Op het moment dat deze kwestie speelde kon dit buurtje reeds bogen op een meer dan 350 jaar oude historie. Want op dezelfde plaats werd er door Wiert Gerritz van Overmeer bovengenoemde brouwerij gebouwd. Eveneens op dit perceel bevond zich een particuliere slachterij, die in 1875 de woede opwekte van omwonenden. Zij klaagden over de stank die de ambachtelijke bedrijvigheid met zich meebracht. Een commissaris van Politie kwam zich persoonlijk op de hoogte stellen van de mate van overlast. Bloed en afval werden sindsdien niet meer aangetroffen. Dat het met de hygiëne niet zo best gesteld was bleek ook uit het feit dat de slager, zonder vergunning, volop darmen hebben staan drogen, een schuit die regelmatig bij de Turfmarkt aanmeerde, en daar enige tijd bleef liggen, voor het ophalen van de zogeheten "kiebeltonnen."

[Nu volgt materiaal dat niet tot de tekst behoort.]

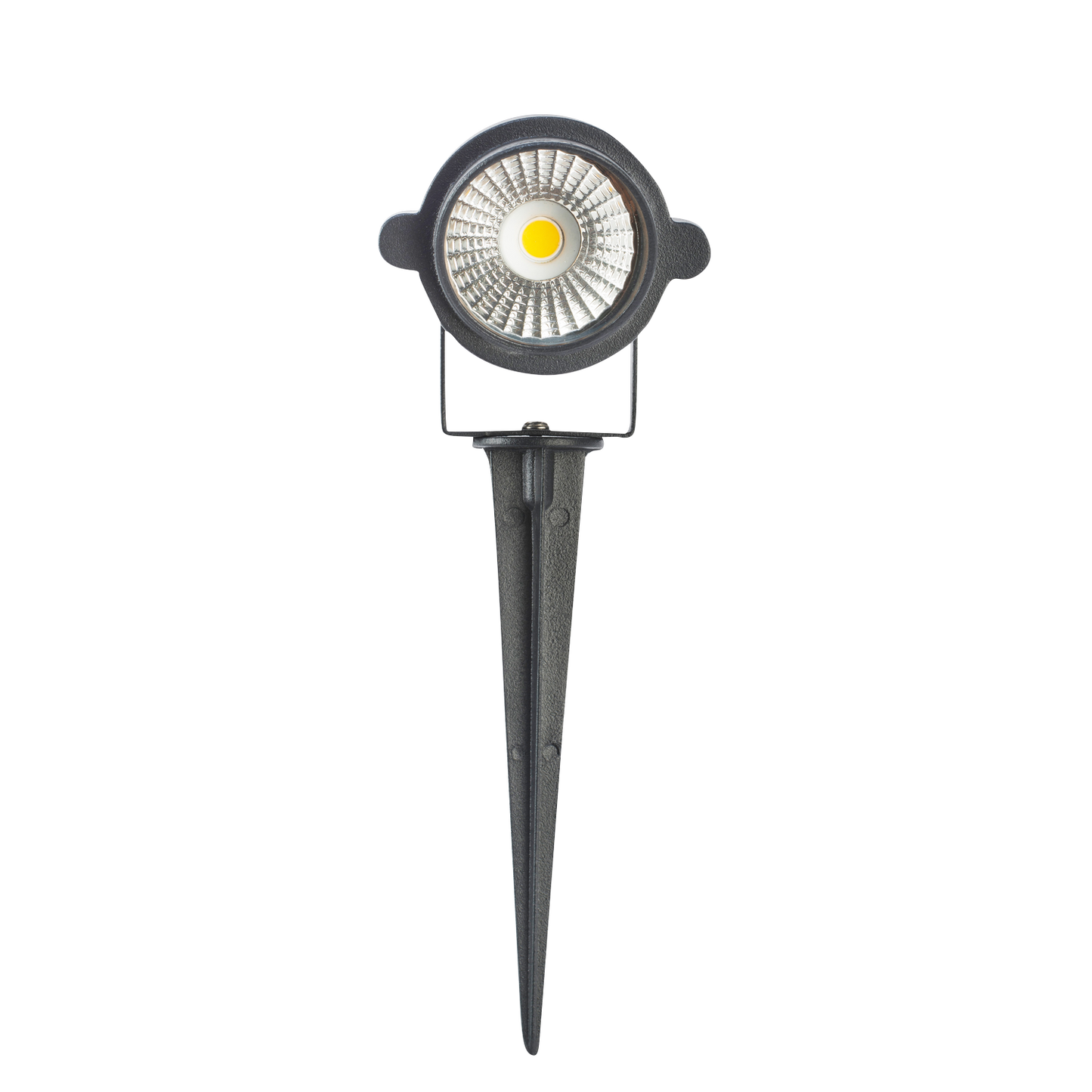 Spike light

Het waren de voorlopers van de toiletten in de huizen. Dan was er nog de overslag van de as uit de haarden en ovens. Een slager, overigens de vader van de darmendroger, en een drogist konden de ontberingen niet langer verdragen. Met een brief verzetten zij zich krachtig tegen de stank van het vuilnis en de aswolken. En dit alles is nog maar net 100 jaar geleden.